[[ DATA RECORDS, beginning ]]
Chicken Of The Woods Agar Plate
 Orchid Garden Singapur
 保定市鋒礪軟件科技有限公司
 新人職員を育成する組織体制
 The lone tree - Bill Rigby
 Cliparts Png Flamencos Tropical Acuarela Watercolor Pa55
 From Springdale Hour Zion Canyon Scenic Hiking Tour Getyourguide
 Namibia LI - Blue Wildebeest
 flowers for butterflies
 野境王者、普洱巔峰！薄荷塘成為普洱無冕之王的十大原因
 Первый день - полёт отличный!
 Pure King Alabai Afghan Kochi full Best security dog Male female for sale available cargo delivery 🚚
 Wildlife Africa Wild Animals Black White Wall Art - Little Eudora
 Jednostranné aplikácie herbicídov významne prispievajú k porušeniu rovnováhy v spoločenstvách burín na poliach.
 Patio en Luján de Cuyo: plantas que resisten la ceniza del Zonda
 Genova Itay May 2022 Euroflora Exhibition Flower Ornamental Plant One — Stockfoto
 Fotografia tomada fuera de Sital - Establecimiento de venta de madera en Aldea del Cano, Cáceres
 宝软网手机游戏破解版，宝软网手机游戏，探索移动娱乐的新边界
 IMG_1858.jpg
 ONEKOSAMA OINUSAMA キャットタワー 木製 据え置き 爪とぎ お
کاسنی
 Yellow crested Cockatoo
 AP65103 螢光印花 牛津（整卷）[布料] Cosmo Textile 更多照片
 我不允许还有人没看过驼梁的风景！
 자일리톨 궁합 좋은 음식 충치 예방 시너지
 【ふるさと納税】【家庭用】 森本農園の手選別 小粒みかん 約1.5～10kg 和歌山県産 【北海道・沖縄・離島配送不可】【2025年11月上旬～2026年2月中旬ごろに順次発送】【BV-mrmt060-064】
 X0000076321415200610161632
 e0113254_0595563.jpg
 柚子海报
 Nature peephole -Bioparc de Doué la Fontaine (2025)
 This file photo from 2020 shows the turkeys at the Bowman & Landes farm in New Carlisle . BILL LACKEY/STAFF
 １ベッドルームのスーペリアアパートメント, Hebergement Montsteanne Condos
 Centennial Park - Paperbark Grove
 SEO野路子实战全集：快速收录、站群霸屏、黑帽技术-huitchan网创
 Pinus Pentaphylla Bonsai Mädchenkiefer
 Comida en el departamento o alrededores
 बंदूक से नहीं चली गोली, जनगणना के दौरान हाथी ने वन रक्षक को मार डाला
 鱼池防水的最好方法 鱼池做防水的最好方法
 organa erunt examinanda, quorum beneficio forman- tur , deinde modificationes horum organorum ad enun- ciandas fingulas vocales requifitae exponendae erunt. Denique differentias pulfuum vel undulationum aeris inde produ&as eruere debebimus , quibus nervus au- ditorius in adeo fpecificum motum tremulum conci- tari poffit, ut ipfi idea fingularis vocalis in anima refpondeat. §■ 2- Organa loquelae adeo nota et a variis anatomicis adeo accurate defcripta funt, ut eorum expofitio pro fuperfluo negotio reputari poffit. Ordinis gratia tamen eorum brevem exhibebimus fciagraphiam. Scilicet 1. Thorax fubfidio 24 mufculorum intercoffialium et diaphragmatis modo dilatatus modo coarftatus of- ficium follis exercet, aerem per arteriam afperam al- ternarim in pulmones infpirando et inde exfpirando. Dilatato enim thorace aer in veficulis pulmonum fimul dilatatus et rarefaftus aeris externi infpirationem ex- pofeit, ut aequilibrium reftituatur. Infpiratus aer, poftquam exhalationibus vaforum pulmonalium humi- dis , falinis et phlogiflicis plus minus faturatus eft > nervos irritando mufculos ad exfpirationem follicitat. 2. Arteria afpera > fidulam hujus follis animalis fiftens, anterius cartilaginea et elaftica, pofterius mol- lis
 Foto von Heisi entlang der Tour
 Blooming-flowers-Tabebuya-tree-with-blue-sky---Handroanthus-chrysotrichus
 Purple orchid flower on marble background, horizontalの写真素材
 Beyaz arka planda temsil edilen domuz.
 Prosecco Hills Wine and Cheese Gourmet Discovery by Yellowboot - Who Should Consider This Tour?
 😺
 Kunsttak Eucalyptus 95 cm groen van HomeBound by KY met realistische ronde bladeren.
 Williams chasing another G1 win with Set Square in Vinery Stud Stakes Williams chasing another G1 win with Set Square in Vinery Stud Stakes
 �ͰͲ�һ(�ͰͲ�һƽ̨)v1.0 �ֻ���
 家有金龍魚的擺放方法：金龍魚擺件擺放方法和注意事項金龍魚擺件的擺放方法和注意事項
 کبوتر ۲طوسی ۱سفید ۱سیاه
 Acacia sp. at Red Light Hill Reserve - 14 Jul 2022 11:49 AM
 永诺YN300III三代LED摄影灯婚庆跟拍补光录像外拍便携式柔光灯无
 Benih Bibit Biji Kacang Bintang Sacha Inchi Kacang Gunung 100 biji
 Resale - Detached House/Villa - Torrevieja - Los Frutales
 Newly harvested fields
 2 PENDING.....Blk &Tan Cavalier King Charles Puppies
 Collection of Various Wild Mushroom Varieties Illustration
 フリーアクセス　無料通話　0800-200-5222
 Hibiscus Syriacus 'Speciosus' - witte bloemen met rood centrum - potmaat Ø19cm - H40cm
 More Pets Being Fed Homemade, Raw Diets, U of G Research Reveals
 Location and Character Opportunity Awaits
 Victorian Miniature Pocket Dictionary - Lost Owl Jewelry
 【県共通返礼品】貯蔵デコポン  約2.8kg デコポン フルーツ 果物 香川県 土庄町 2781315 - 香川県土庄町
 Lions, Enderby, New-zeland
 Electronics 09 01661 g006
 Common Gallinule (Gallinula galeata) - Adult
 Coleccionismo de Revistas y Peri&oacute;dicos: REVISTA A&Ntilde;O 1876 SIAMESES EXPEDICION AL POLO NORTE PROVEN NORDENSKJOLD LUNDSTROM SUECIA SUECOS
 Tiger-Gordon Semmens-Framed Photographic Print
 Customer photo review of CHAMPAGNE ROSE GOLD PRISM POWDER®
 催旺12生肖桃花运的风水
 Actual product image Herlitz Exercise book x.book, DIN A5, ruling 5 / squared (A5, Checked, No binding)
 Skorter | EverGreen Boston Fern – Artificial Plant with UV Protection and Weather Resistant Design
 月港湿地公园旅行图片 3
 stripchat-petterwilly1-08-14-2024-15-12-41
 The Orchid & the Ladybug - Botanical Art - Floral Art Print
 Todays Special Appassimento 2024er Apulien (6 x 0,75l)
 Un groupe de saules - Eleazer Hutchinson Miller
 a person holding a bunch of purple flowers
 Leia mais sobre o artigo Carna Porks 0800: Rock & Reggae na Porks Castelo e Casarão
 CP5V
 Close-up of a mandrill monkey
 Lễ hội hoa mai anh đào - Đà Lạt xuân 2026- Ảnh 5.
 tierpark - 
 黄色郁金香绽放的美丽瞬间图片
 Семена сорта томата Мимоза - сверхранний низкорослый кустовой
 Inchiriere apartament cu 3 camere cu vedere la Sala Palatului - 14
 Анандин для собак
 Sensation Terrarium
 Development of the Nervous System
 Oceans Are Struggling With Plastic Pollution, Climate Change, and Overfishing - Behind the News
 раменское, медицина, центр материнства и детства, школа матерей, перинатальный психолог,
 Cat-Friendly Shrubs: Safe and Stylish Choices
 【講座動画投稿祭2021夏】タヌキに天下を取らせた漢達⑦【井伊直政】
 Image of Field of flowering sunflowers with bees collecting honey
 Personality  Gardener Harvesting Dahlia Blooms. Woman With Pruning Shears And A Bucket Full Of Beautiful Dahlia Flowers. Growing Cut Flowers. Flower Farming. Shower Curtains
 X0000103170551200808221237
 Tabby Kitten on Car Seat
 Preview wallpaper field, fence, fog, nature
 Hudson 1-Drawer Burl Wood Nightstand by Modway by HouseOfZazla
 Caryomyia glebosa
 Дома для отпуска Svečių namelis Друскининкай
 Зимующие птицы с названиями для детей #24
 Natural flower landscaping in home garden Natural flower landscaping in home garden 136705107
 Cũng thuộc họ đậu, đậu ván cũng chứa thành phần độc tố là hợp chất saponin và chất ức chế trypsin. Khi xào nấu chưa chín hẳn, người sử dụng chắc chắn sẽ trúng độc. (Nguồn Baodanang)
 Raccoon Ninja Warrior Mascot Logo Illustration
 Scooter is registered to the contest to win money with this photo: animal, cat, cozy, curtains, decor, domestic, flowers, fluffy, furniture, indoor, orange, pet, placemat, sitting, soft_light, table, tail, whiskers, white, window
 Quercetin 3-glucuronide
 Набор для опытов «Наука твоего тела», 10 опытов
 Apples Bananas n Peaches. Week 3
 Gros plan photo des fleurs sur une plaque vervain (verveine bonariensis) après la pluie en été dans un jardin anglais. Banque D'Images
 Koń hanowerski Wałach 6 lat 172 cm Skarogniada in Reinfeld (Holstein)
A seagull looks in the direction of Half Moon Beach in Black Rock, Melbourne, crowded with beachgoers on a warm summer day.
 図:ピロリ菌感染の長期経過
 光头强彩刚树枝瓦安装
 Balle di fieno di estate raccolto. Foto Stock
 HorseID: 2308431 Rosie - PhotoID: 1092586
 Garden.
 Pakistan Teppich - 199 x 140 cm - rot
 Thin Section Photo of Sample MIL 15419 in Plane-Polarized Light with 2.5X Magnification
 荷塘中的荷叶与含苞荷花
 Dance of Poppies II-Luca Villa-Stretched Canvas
[[ DATA RECORDS, end ]]
Wherever the line holding "Resale - Detached" falls in the entries above, copy exactly from it through the line holding "催旺12生肖桃花运的风水", inclusive, and add nothing.

RESULT OF THIS TASK
 Resale - Detached House/Villa - Torrevieja - Los Frutales
 Newly harvested fields
 2 PENDING.....Blk &Tan Cavalier King Charles Puppies
 Collection of Various Wild Mushroom Varieties Illustration
 フリーアクセス　無料通話　0800-200-5222
 Hibiscus Syriacus 'Speciosus' - witte bloemen met rood centrum - potmaat Ø19cm - H40cm
 More Pets Being Fed Homemade, Raw Diets, U of G Research Reveals
 Location and Character Opportunity Awaits
 Victorian Miniature Pocket Dictionary - Lost Owl Jewelry
 【県共通返礼品】貯蔵デコポン  約2.8kg デコポン フルーツ 果物 香川県 土庄町 2781315 - 香川県土庄町
 Lions, Enderby, New-zeland
 Electronics 09 01661 g006
 Common Gallinule (Gallinula galeata) - Adult
 Coleccionismo de Revistas y Peri&oacute;dicos: REVISTA A&Ntilde;O 1876 SIAMESES EXPEDICION AL POLO NORTE PROVEN NORDENSKJOLD LUNDSTROM SUECIA SUECOS
 Tiger-Gordon Semmens-Framed Photographic Print
 Customer photo review of CHAMPAGNE ROSE GOLD PRISM POWDER®
 催旺12生肖桃花运的风水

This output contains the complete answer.